_Task prompt_
Return the following data exactly, with all pictures left out.
━━━ The data
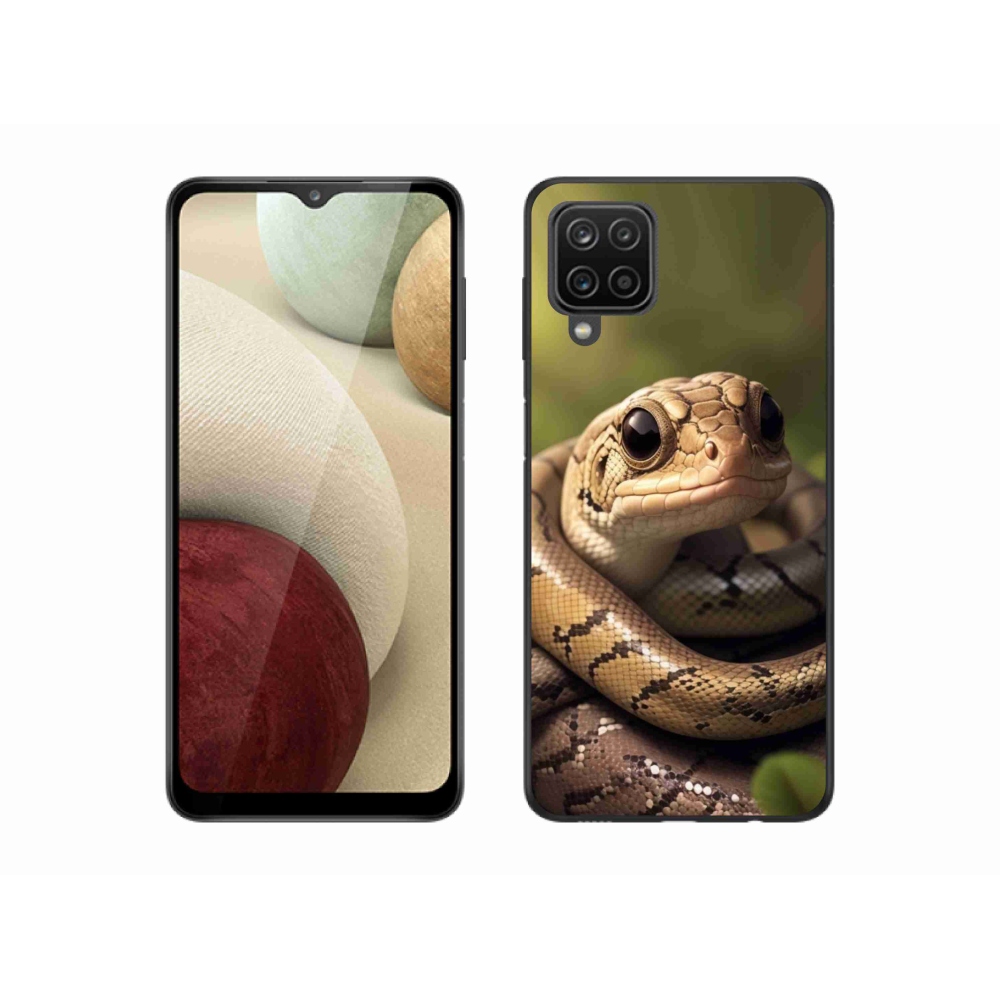 Gél védőburkolat mmCase Samsung Galaxy A12 - kígyó 1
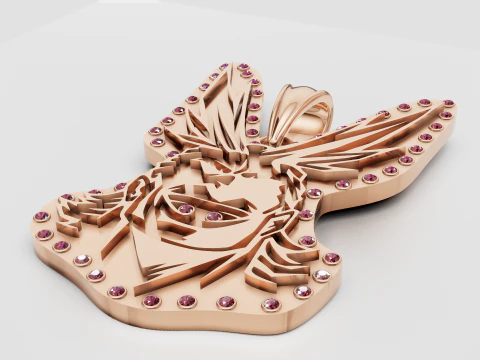 Luxury Eagle Head Pendant 3D Model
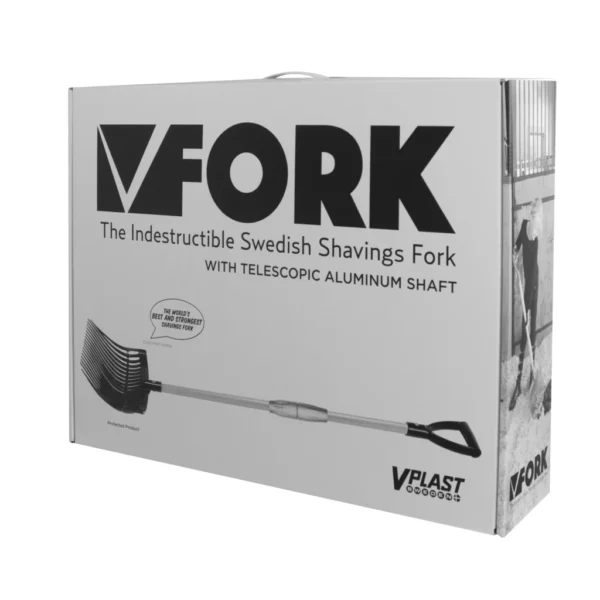 Mestvork met steel Beschikbaar in 4 kleuren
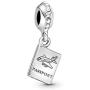 Pandora Jewelry Passport Travel Dangle Cubic Zirconia Charm in Sterling Silver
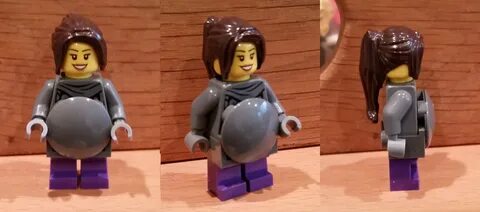 Representing pregnancy on LEGO minifigs. 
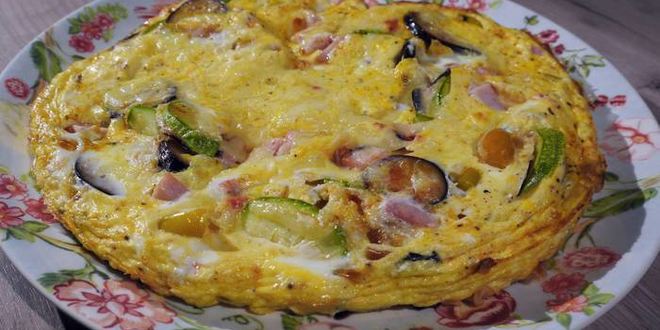 Рецепт фриттаты с овощами и сыром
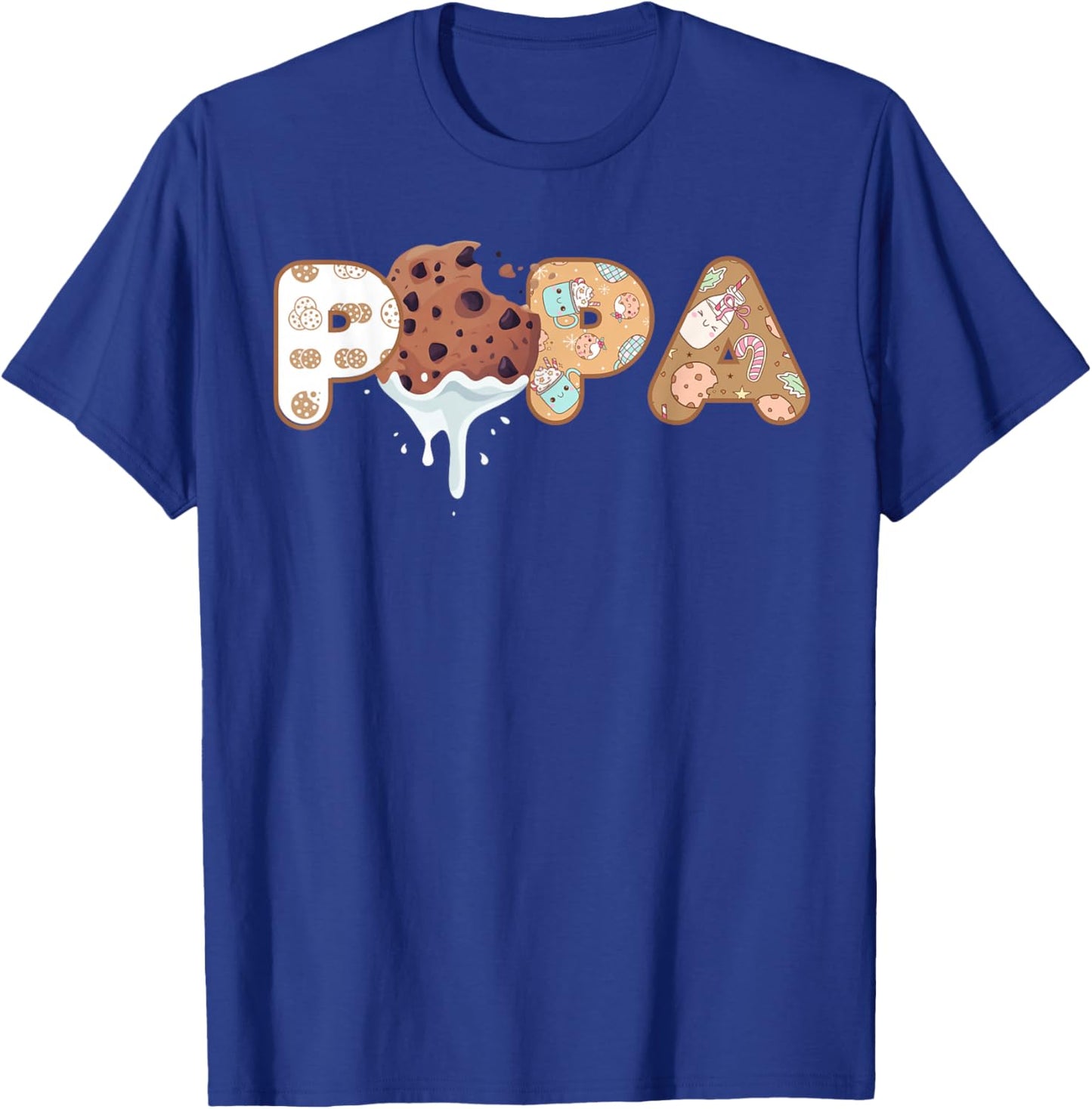 Cookies Papa 1st Birthday Milk Party Family Matching T-Shirt - T-Shirt | Royal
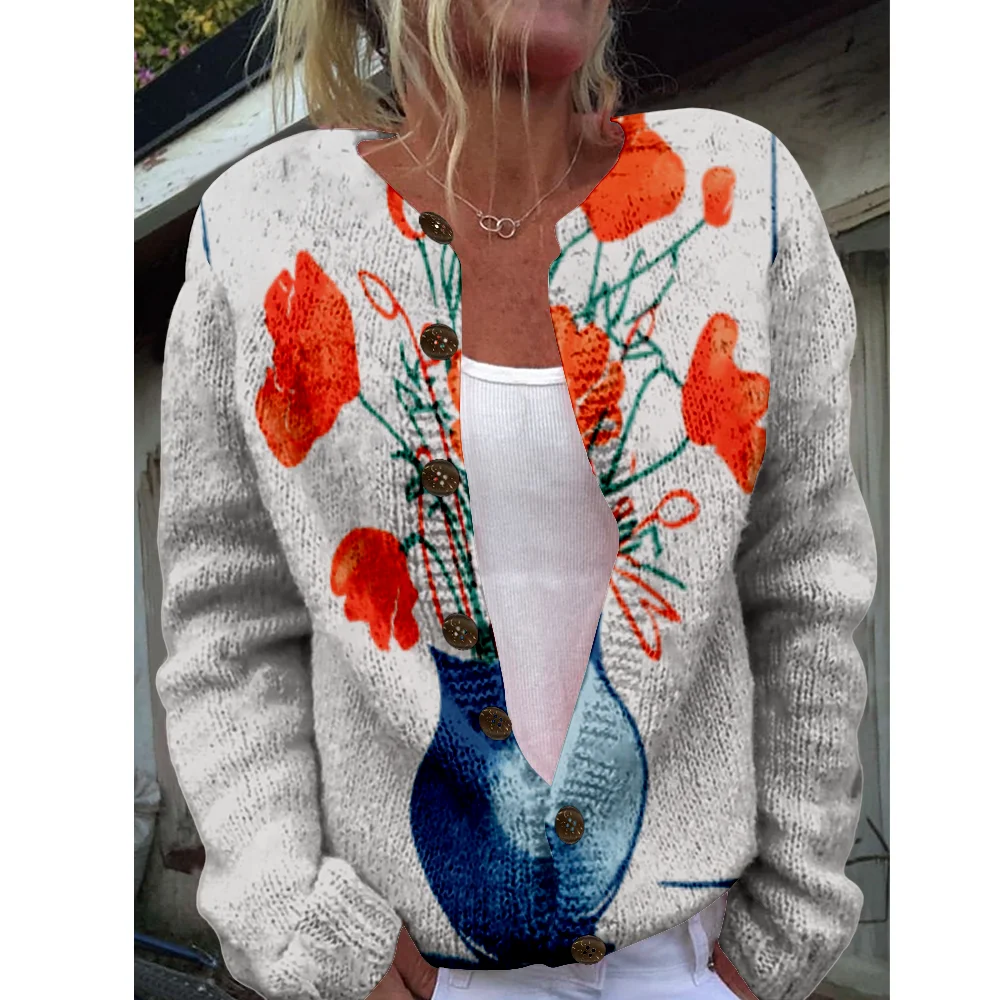 

Autumn Winter Knitted Cardigan Vintage Casual Sweater Japanese Fashion Streetwear Women Sweaters Knit Top Cozy Jumpers Fashion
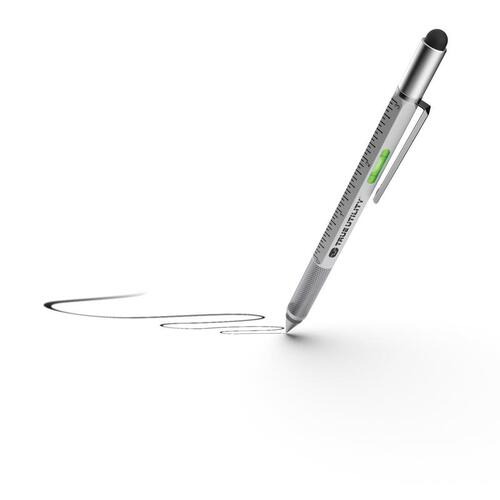 True Utility TRU-PEN-0001 Multitool Pen Silver Silver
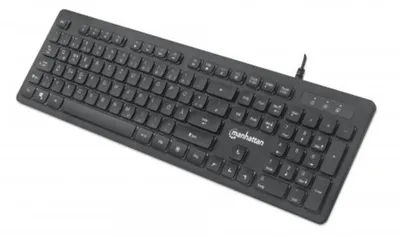 Produktbild von MANHATTAN Ultraflache USB-Gaming-Tastatur mit LEDs
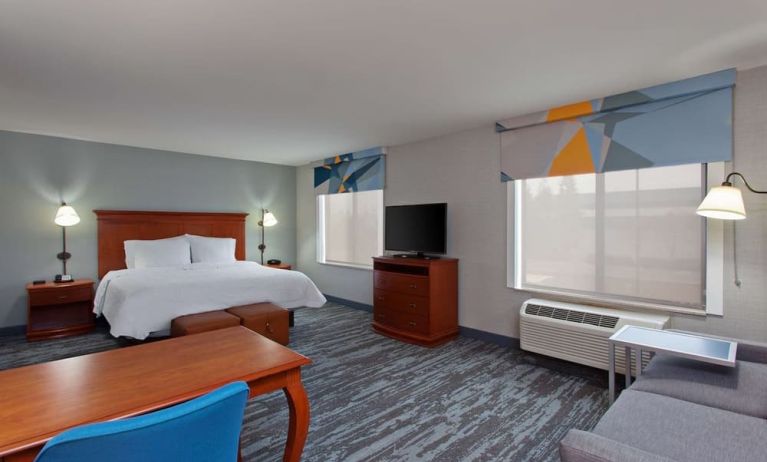 Day use king room at Hampton Inn & Suites Clovis-Airport North.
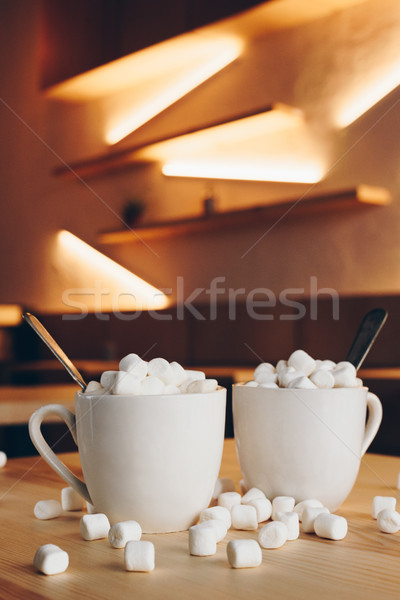 Cacau café ver marshmallow Foto stock © LightFieldStudios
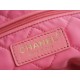 Chanel 22P Spring/Summer New 22 Bag Coral Pink Small  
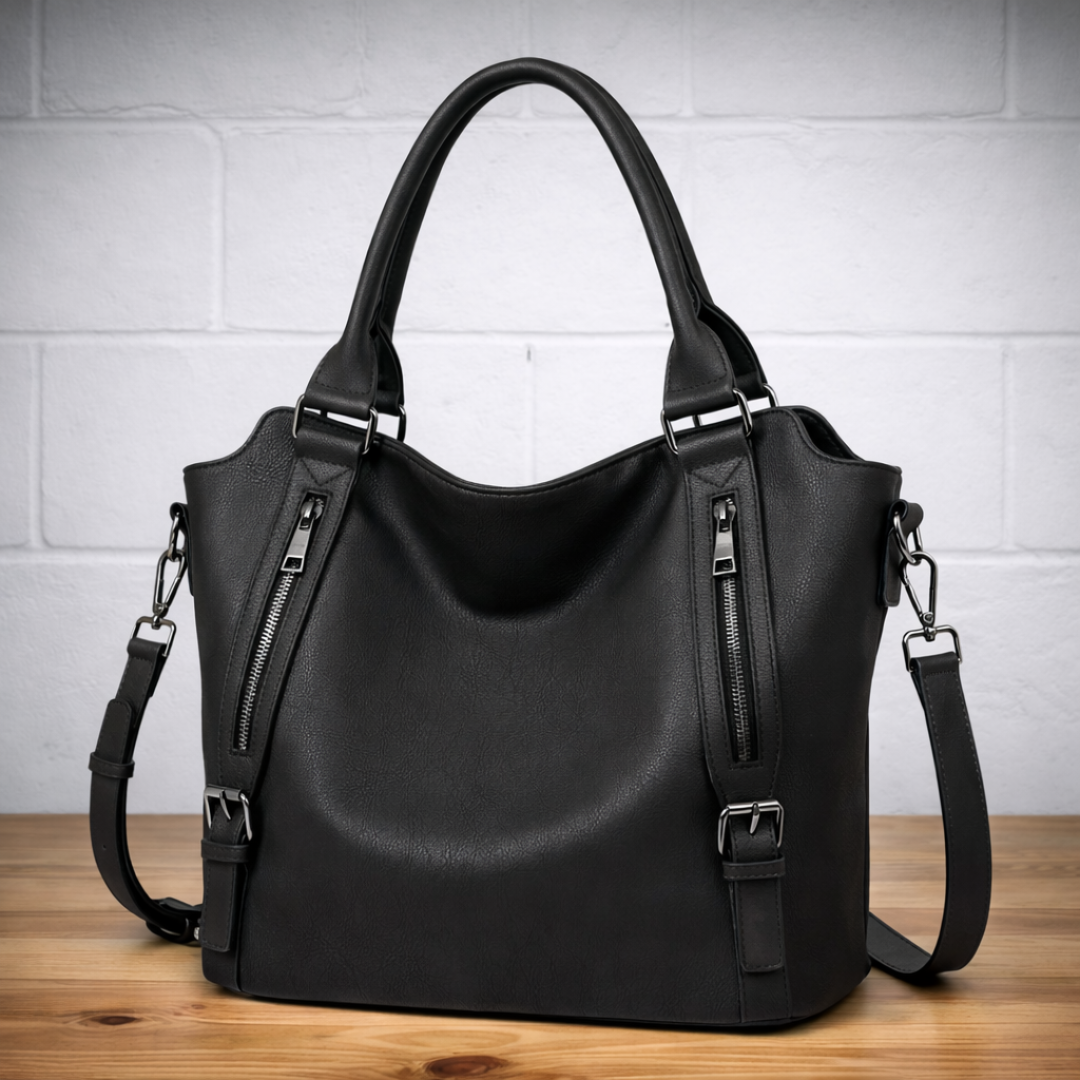 Sophisticated faux leather quilted crossbody bag for women, an elegant fashion statement.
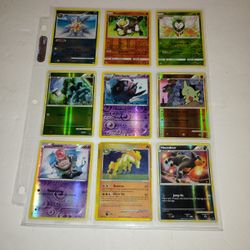 Lot Of 9 Old Foil Pokemon Cards Hologram / Holo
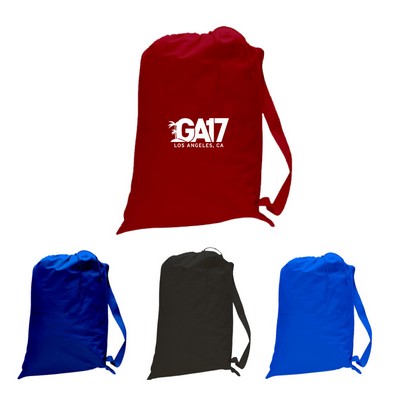 Small Canvas Laundry Bag - Overseas - Heat Transfer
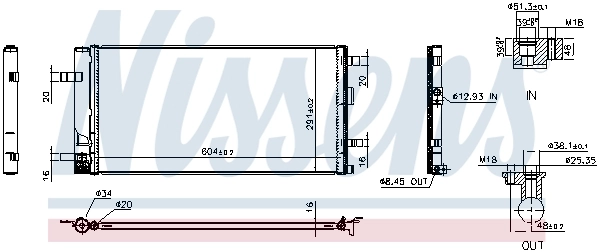 Condenseur, climatisation NISSENS 941344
━━━━━━
_Written answer_
 Gél védőburkolat mmCase Samsung Galaxy A12 - kígyó 1
 Luxury Eagle Head Pendant 3D Model
 Mestvork met steel Beschikbaar in 4 kleuren
 Pandora Jewelry Passport Travel Dangle Cubic Zirconia Charm in Sterling Silver
 Representing pregnancy on LEGO minifigs. 
 Рецепт фриттаты с овощами и сыром
 Cookies Papa 1st Birthday Milk Party Family Matching T-Shirt - T-Shirt | Royal

Autumn Winter Knitted Cardigan Vintage Casual Sweater Japanese Fashion Streetwear Women Sweaters Knit Top Cozy Jumpers Fashion
 True Utility TRU-PEN-0001 Multitool Pen Silver Silver
 Produktbild von MANHATTAN Ultraflache USB-Gaming-Tastatur mit LEDs
 Day use king room at Hampton Inn & Suites Clovis-Airport North.
 Cacau café ver marshmallow Foto stock © LightFieldStudios
 Chanel 22P Spring/Summer New 22 Bag Coral Pink Small  
 Sophisticated faux leather quilted crossbody bag for women, an elegant fashion statement.
 Lot Of 9 Old Foil Pokemon Cards Hologram / Holo
 Small Canvas Laundry Bag - Overseas - Heat Transfer
 Condenseur, climatisation NISSENS 941344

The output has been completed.